*** DATA BELOW Section Begins ***
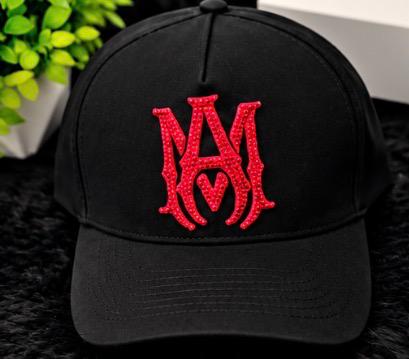 Gorra negra bordado rojo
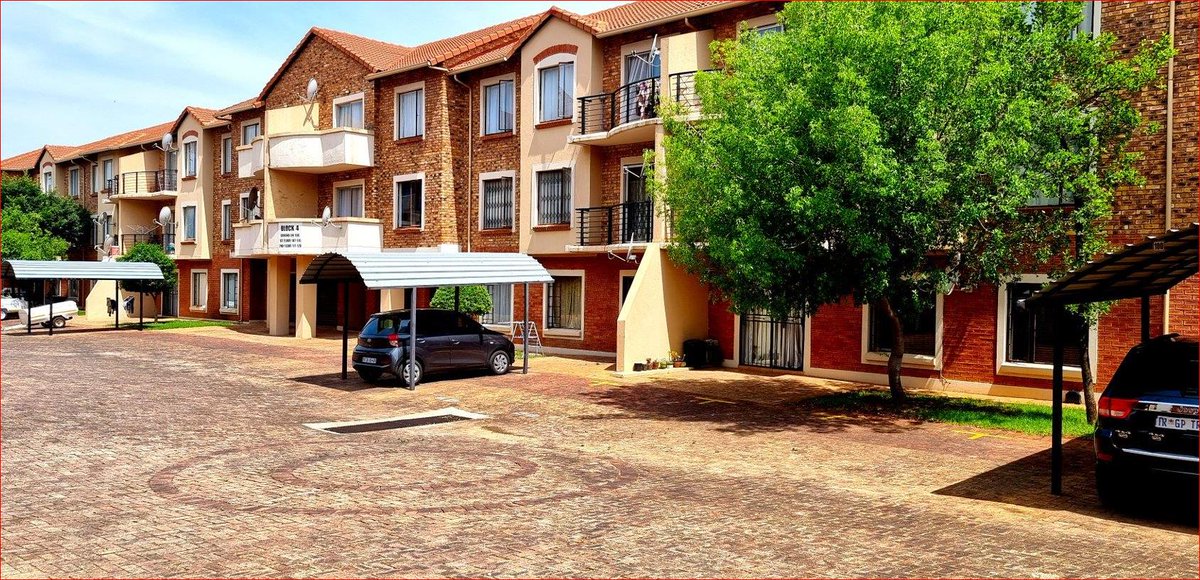 First floor one bedroom apartment for sale R599 000 Halfway Gardens. Calling investors or first time buyers. For a starter home or investment to generate income this excellent apartment is for you. Contact Bobby 082 574 1846 for viewing, your Property Specialist #Midrand #invest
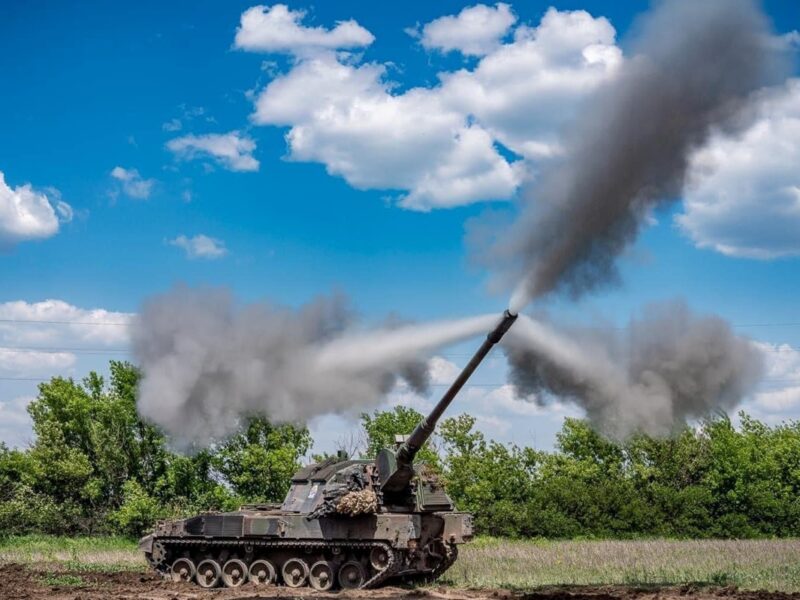 ЗСУ відбивають російські атаки на 11 напрямках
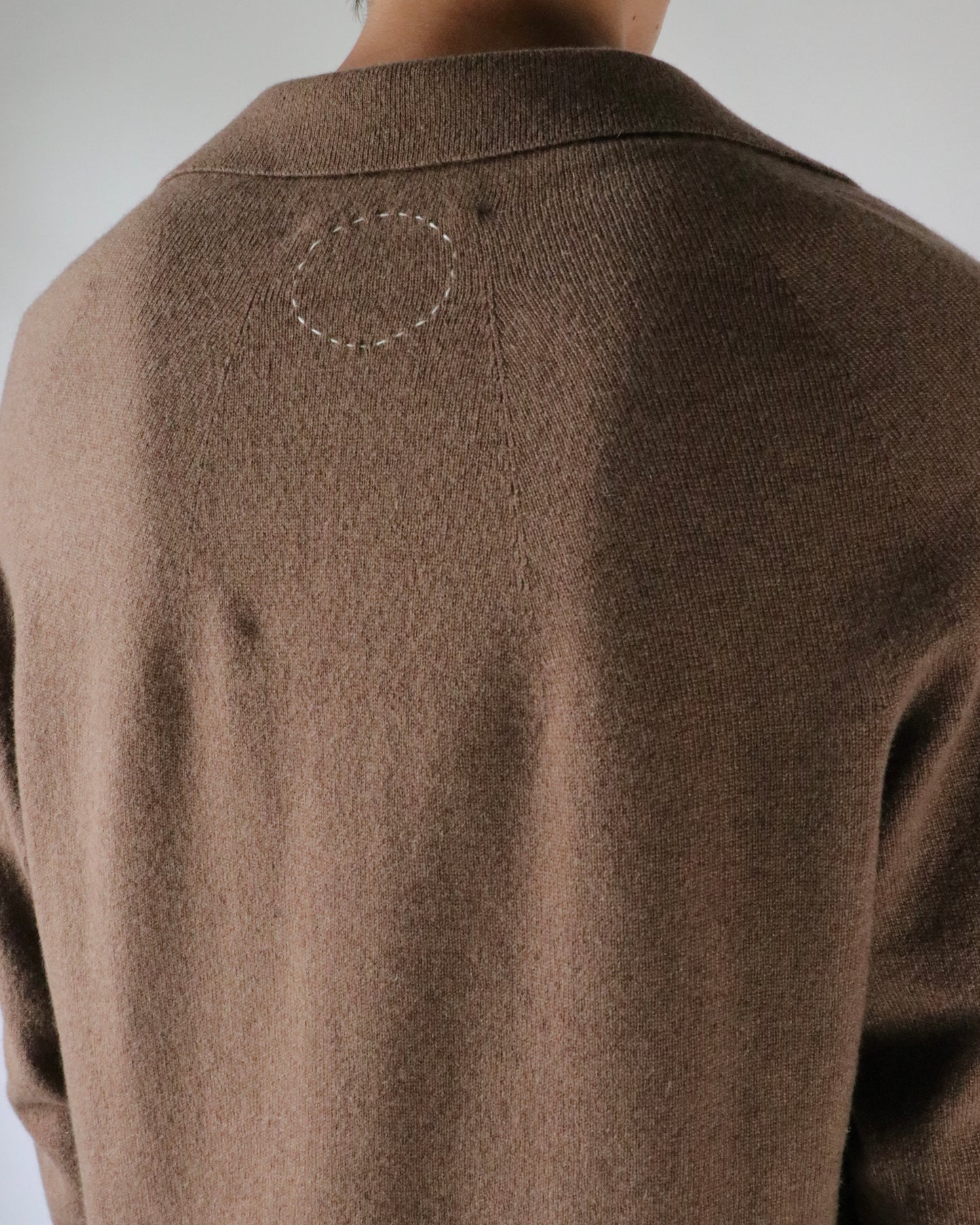 Cashmere polo sweter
*** DATA BELOW Section Ends ***
**REQUIREMENT**: Retype all of the data above word for word, excluding the pictures.

**ANSWER TO THE PROBLEM**:
 Gorra negra bordado rojo
 First floor one bedroom apartment for sale R599 000 Halfway Gardens. Calling investors or first time buyers. For a starter home or investment to generate income this excellent apartment is for you. Contact Bobby 082 574 1846 for viewing, your Property Specialist #Midrand #invest
 ЗСУ відбивають російські атаки на 11 напрямках
 Cashmere polo sweter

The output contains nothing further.